Work instructions — Line by line, repeat the material below exactly and skip the images.

--------------------

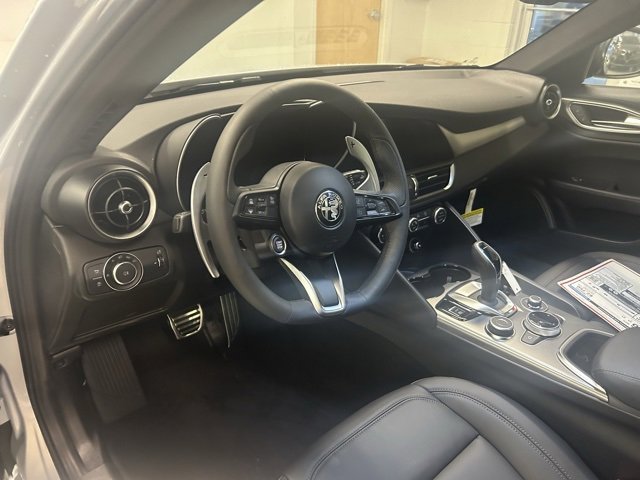 New 2025 Alfa Romeo Giulia AWD w/ Driving Assist Package image 10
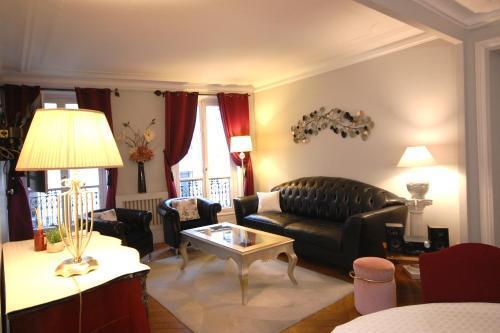 Two-Bedroom Apartment Champs-Elysées - Tap to explore photos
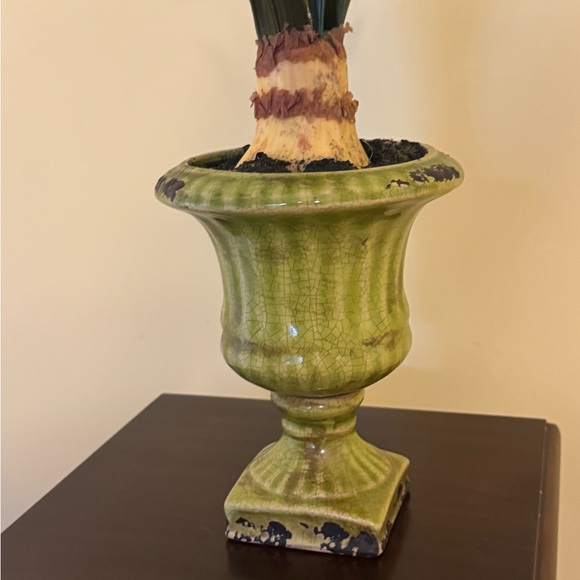 Artificial White Amaryllis in Green Ceramic Urn Silk Floral Arrangement 24" - Picture 4 of 7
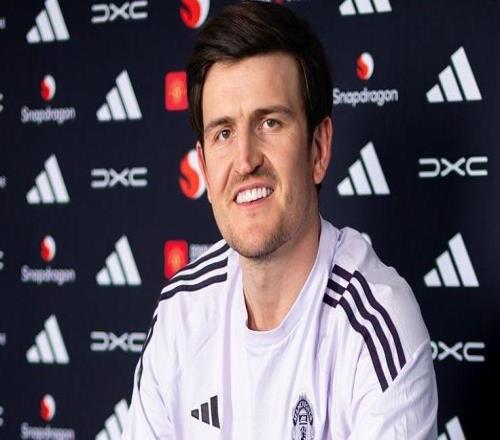 马奎尔8000万身价跌成"底薪老将",曼联却抢着续约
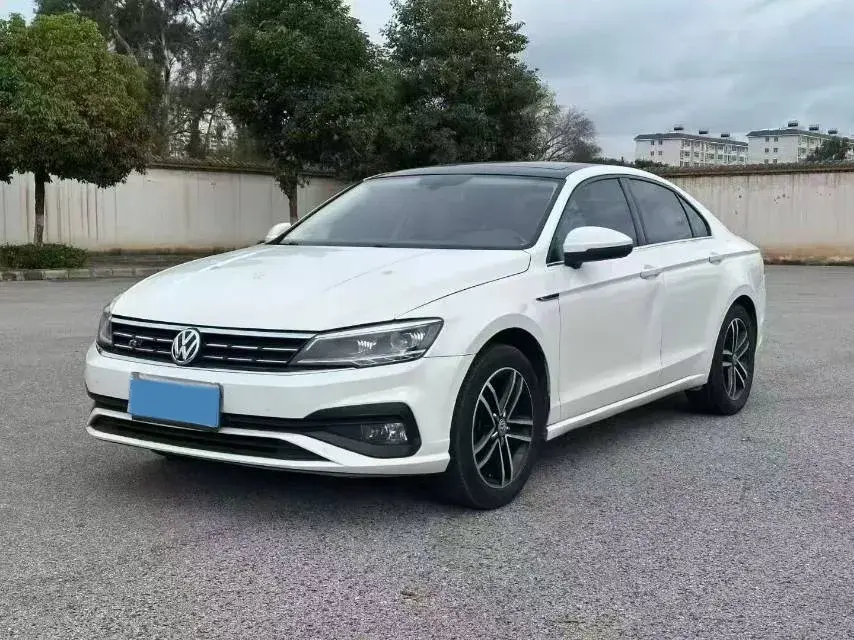 2021 VOLKSWAGEN LAMANDO view 1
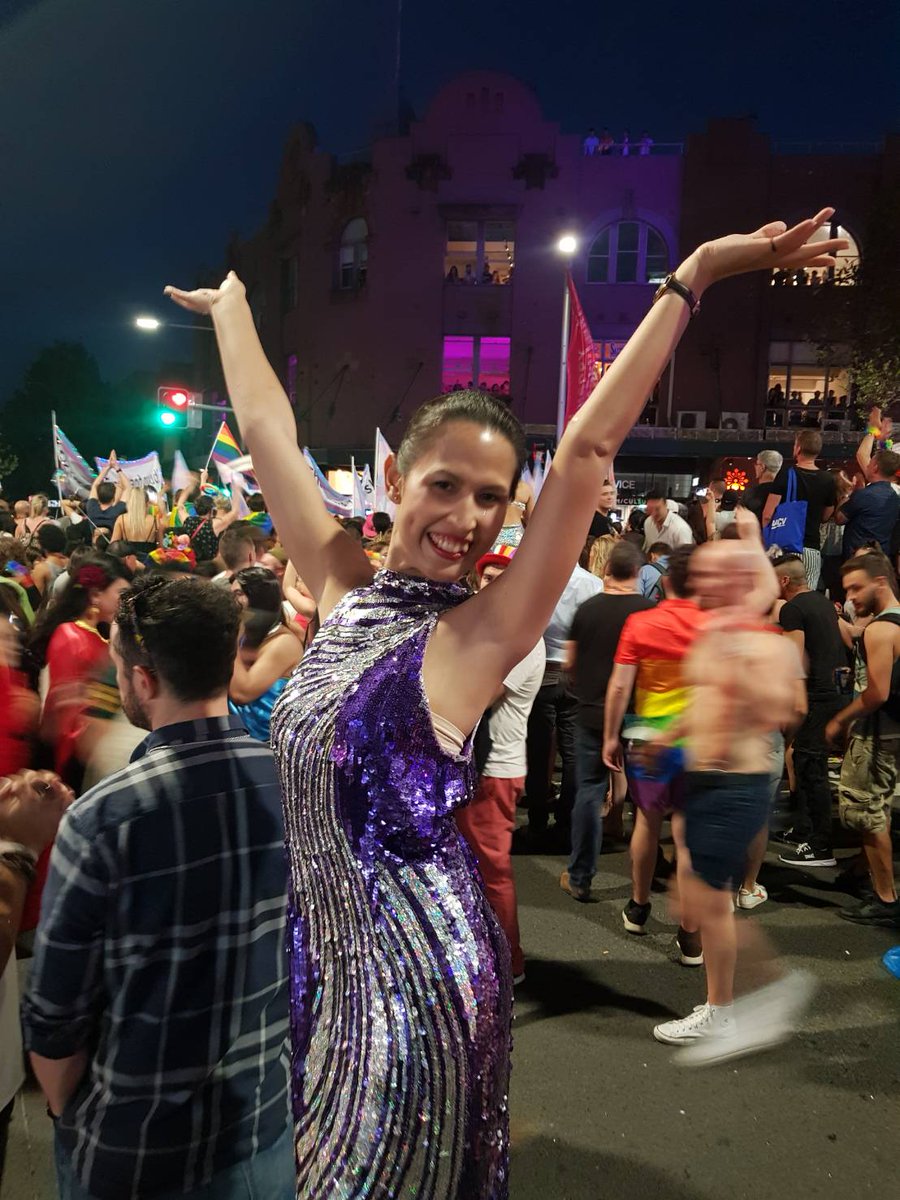 gorfern's tweet photo. Sydney Mardi gras อ่ะเหรอ ก็สนุกเบาๆนะ 555 คือสุดมาก คนเยอะมาก สนุกมากกกก.. 

Dress : #pedvintage #เป็ดปักเลื่อม
#เทยเที่ยวไทย #เทยเที่ยวซิดนีย์ 
#MardiGras40 https://t.co/a4dxuPQhXs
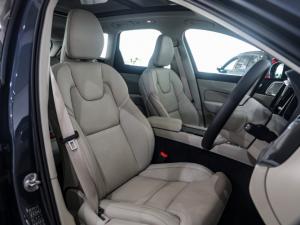 Volvo XC60 B5 AWD Ultimate Dark - Image 11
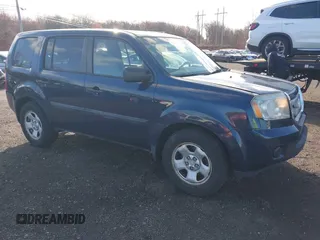 2011 Honda Pilot LX with VIN 5FNYF4H28BB089206, listed as a IAAI auction lot 41852945 with 62,116 mi miles. Bid and sale history available at carsss.com. Image 1.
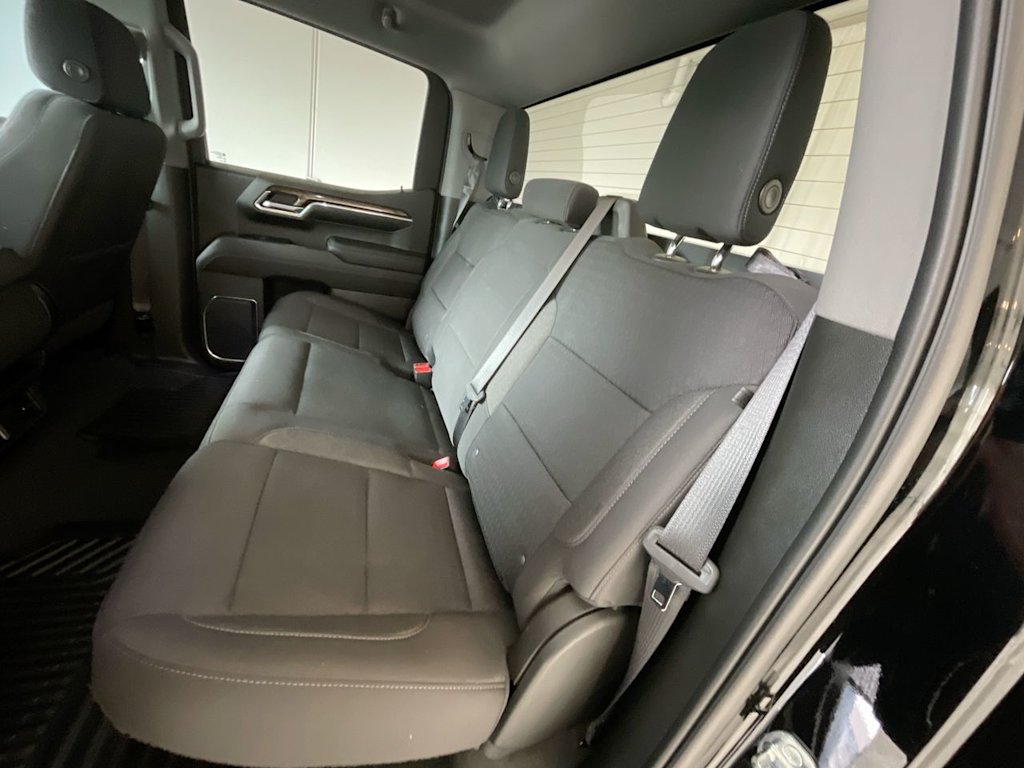 2022 GMC Sierra 1500 SLE 11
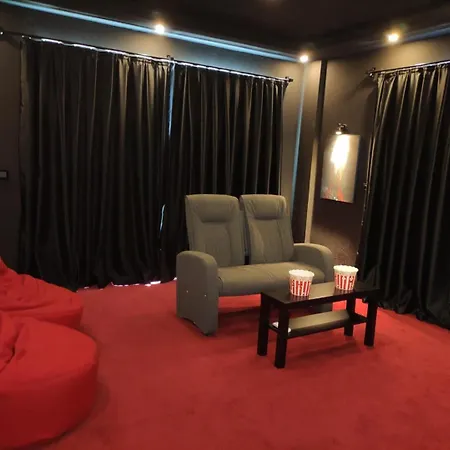Pinky Hotel 4*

--------------------

Solved exercise —
 New 2025 Alfa Romeo Giulia AWD w/ Driving Assist Package image 10
 Two-Bedroom Apartment Champs-Elysées - Tap to explore photos
 Artificial White Amaryllis in Green Ceramic Urn Silk Floral Arrangement 24" - Picture 4 of 7
 马奎尔8000万身价跌成"底薪老将",曼联却抢着续约
 2021 VOLKSWAGEN LAMANDO view 1
 gorfern's tweet photo. Sydney Mardi gras อ่ะเหรอ ก็สนุกเบาๆนะ 555 คือสุดมาก คนเยอะมาก สนุกมากกกก.. 

Dress : #pedvintage #เป็ดปักเลื่อม
#เทยเที่ยวไทย #เทยเที่ยวซิดนีย์ 
#MardiGras40 https://t.co/a4dxuPQhXs
 Volvo XC60 B5 AWD Ultimate Dark - Image 11
 2011 Honda Pilot LX with VIN 5FNYF4H28BB089206, listed as a IAAI auction lot 41852945 with 62,116 mi miles. Bid and sale history available at carsss.com. Image 1.
 2022 GMC Sierra 1500 SLE 11
Pinky Hotel 4*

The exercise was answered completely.